Step 5: Run pipeline
Execute the pipeline once. To run your pipeline a single time, use the following command:
modal run sql_pipeline.py
Step 6: Deploy
If you want to deploy your pipeline on Modal for continuous execution or scheduling, use this command:
modal deploy sql_pipeline.py
Advanced configuration
Modal Proxy
If your database is in a private VPN, you can use Modal Proxy as a bastion server (available for Enterprise customers). To connect to a production read replica, attach the proxy to the function definition and change the hostname to localhost:
@app.function(
secrets=[
modal.Secret.from_name("postgres-read-replica-prod"),
],
schedule=modal.Cron("24 6 * * *"),
proxy=modal.Proxy.from_name("prod-postgres-proxy", environment_name="main"),
timeout=3000,
)
def task_pipeline(dev: bool = False) -> None:
pg_url = f'postgresql://{os.environ["PGUSER"]}:{os.environ["PGPASSWORD"]}@localhost:{os.environ["PGPORT"]}/{os.environ["PGDATABASE"]}'
Capturing deletes
To capture updates or deleted rows from your Postgres database, consider using dlt's Postgres CDC replication feature, which is useful for tracking changes and deletions in the data.

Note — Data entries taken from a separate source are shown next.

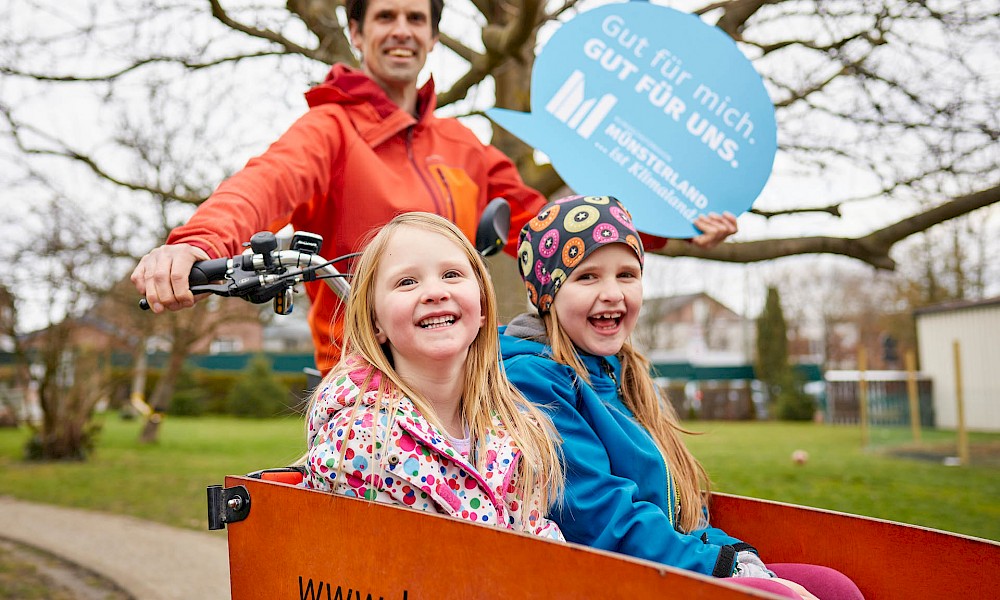 Everyone can do something for the climate - for example, ride a cargo bike.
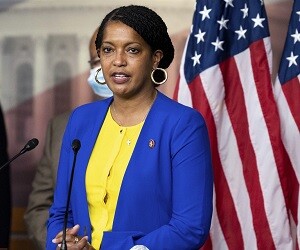 Jahana Hayes - images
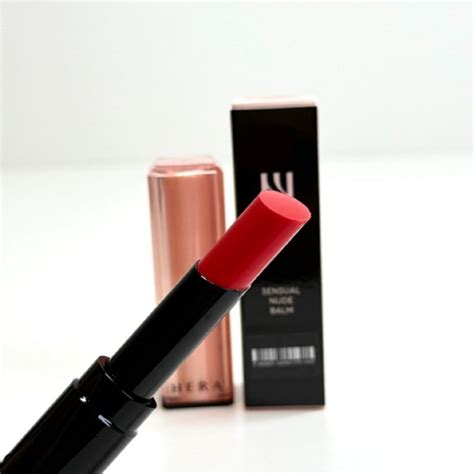 HERA Бальзам для губ No356 Sensual Nude Balm Tempting Red купить на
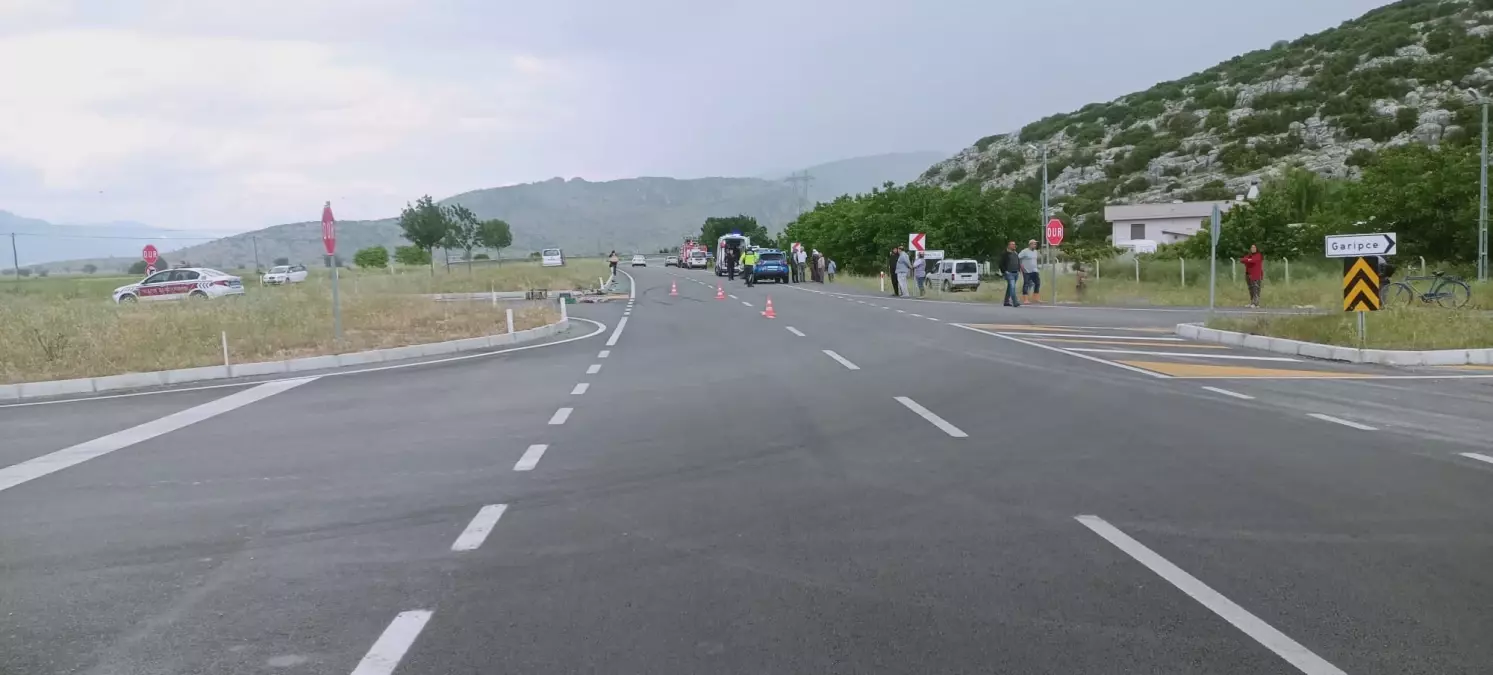 Antalya'da Kaza: Bir Kişi Hayatını Kaybetti, Üç Kişi Yaralı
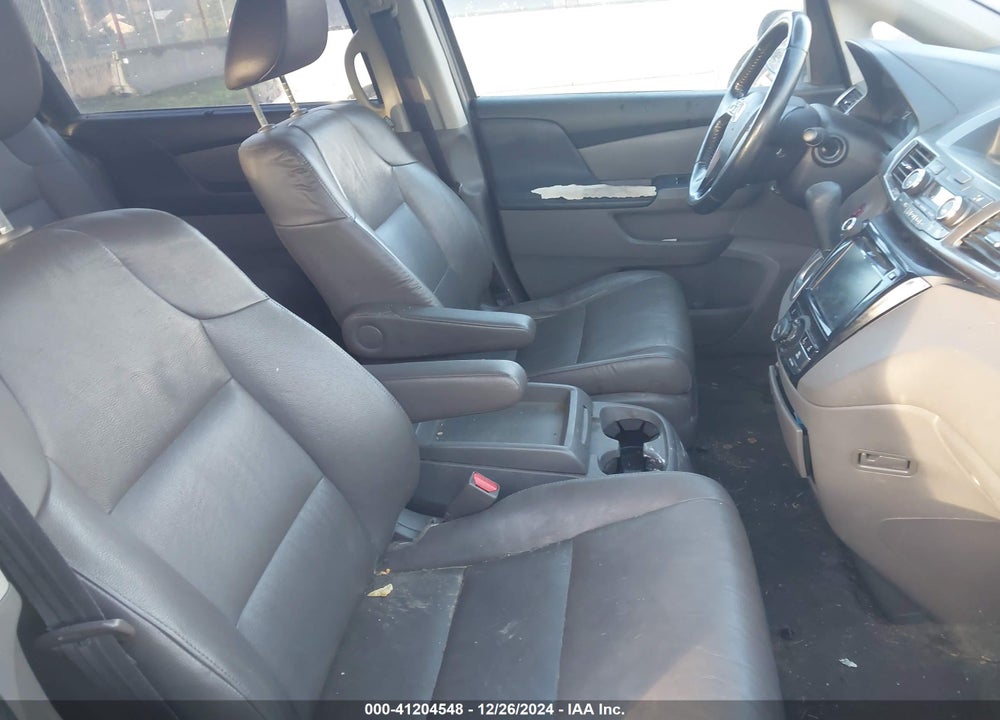2016 HONDA ODYSSEY EX-L VIN: 5FNRL5H6XGB109405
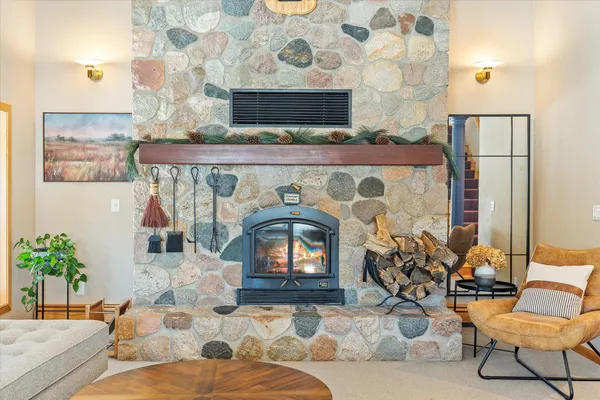 $869,900 | 10047 Cove Pointe Road, Brainerd, MN 56401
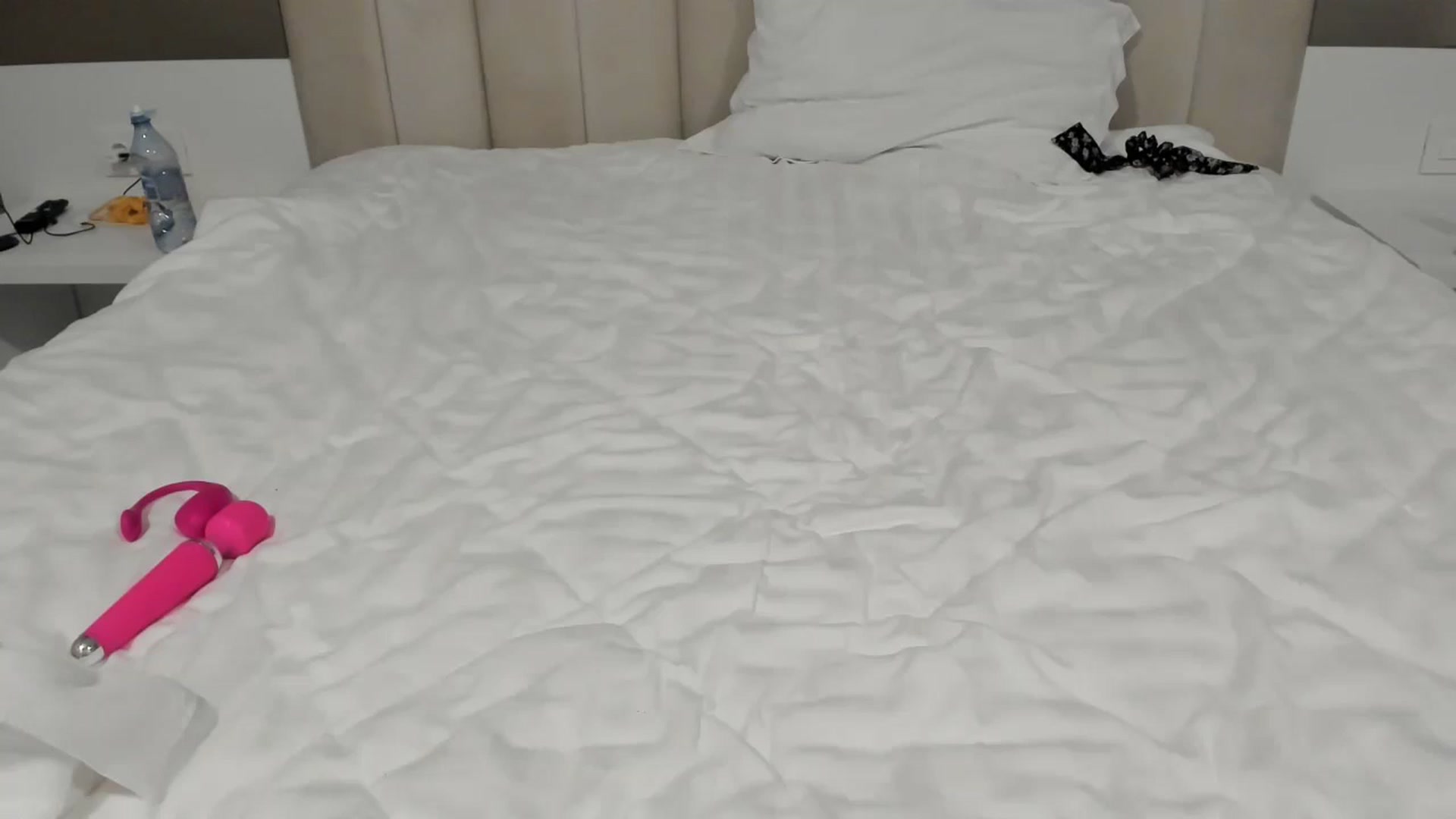 Gallery image thumbnail from Dani_Angel's myfreecams stream on, 06/30/2024, 19:19 image 18 of 20
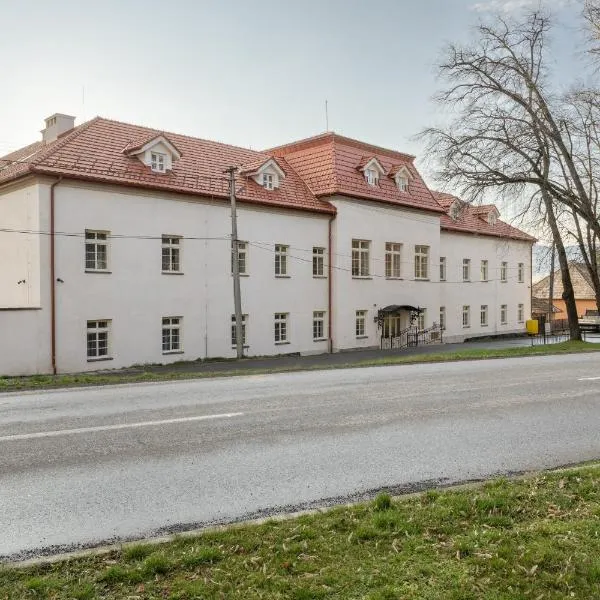 Kaštieľ Lodomeria Manor House, hotel in Lučenec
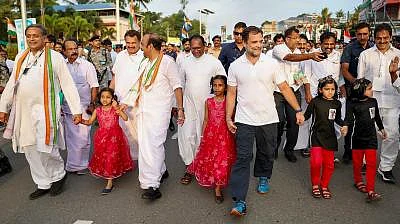 குழந்தைகளுடன் ராகுல்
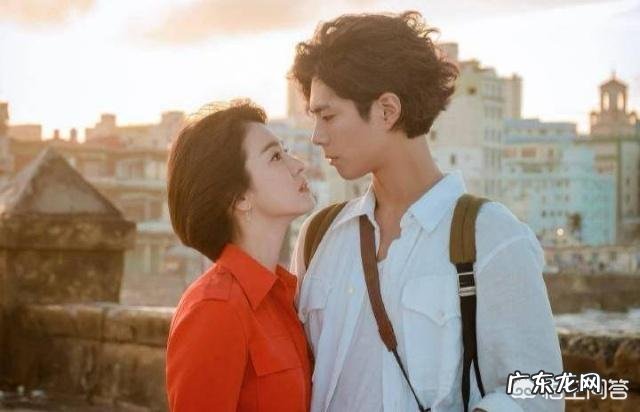 宋慧乔身材不完美衣品超赞，小个子女生裙装怎么穿才显瘦显高？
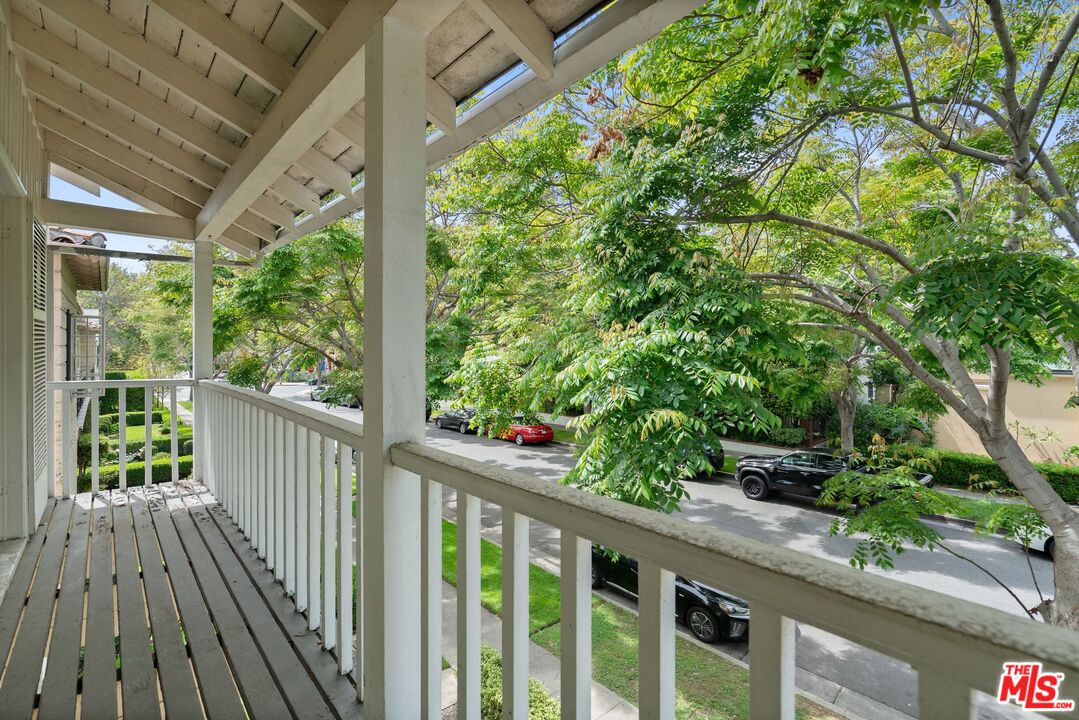 140 S Camden Dr Unit: 202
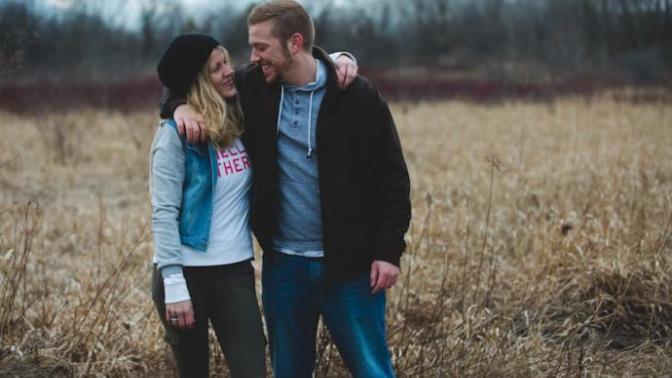 What are the signs a guy is inexperienced in dating?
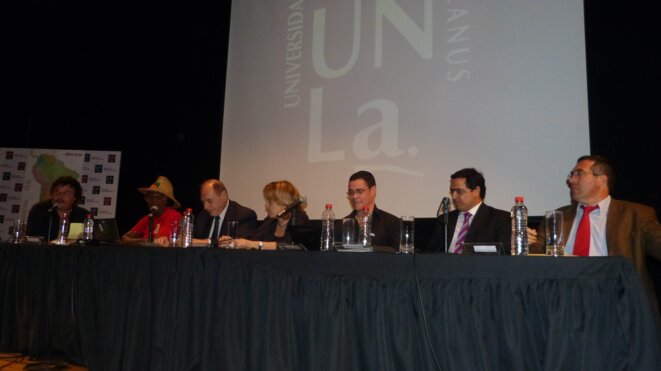Conferencia en la Universidad de Lanus en Buenos-Aires, la intervención del MDES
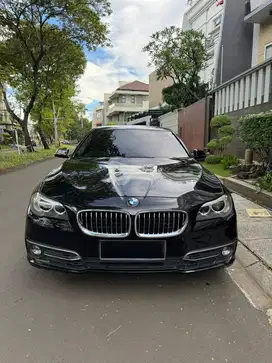 BMW 520i Luxury 2017 Luxury LCI | Low KM
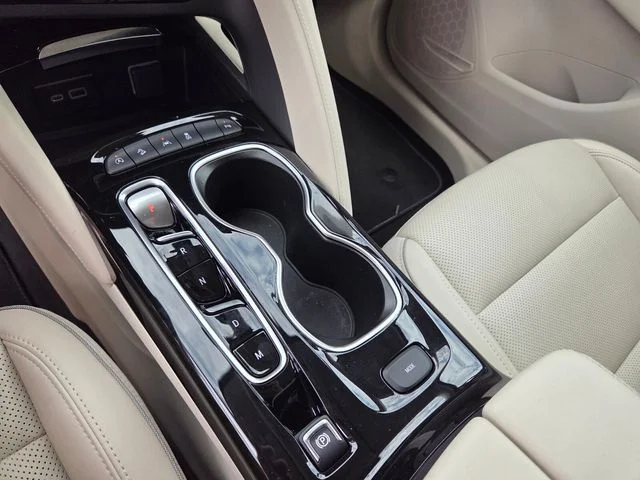 Used 2023 Black Buick Essence image 24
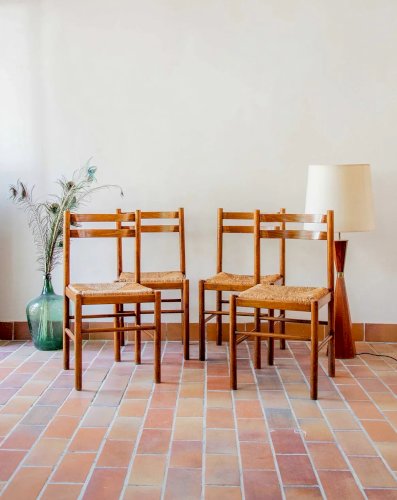 Alma, le lot de 4 chaises en bois N°453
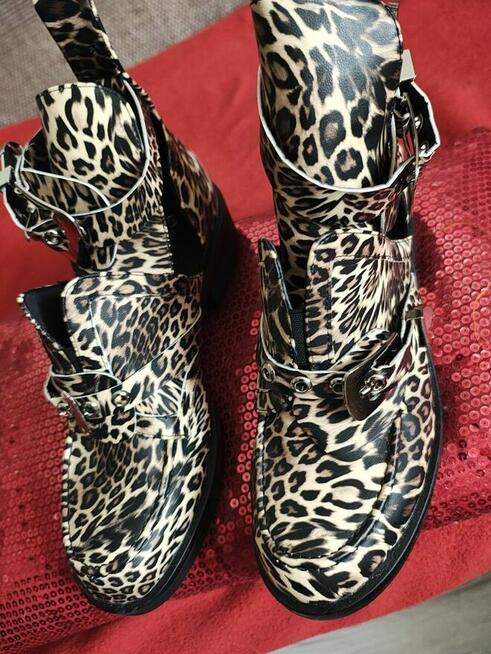 Buty damskie Hers Ażurowe Botki damskie z wycięciami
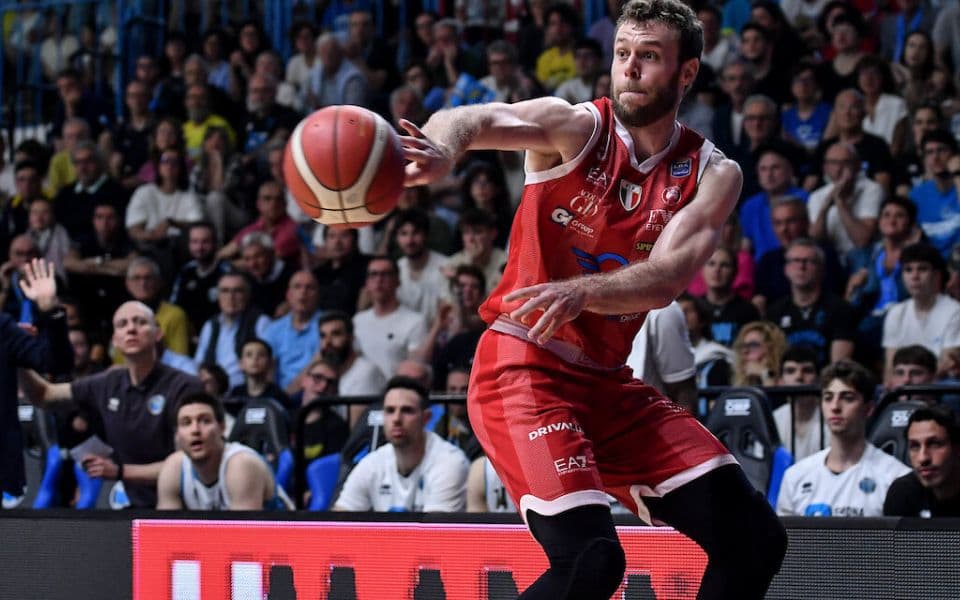 Армани Милано-Фенербахче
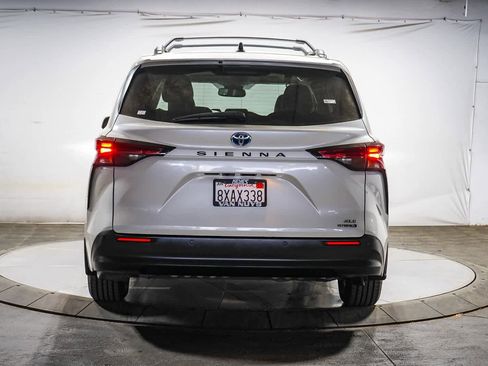 Certified 2021 Toyota Sienna XLE image 10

Sync Multiple Tables in Parallel
To sync multiple tables in parallel, map each table copy job to a separate container using Modal.starmap:
@app.function(timeout=3000, schedule=modal.Cron("29 11 * * *"))
def main(dev: bool = False):
tables = [
("task", "enqueued_at", dev),
("worker", "launched_at", dev),
...
]
list(load_table_from_database.starmap(tables))
More examples
For a practical, real-world example, check out the article "Building a Cost-Effective Analytics Stack with Modal, dlt, and dbt".
This article illustrates how to automate a workflow for loading data from Postgres into Snowflake using dlt, providing valuable insights into building an efficient analytics pipeline.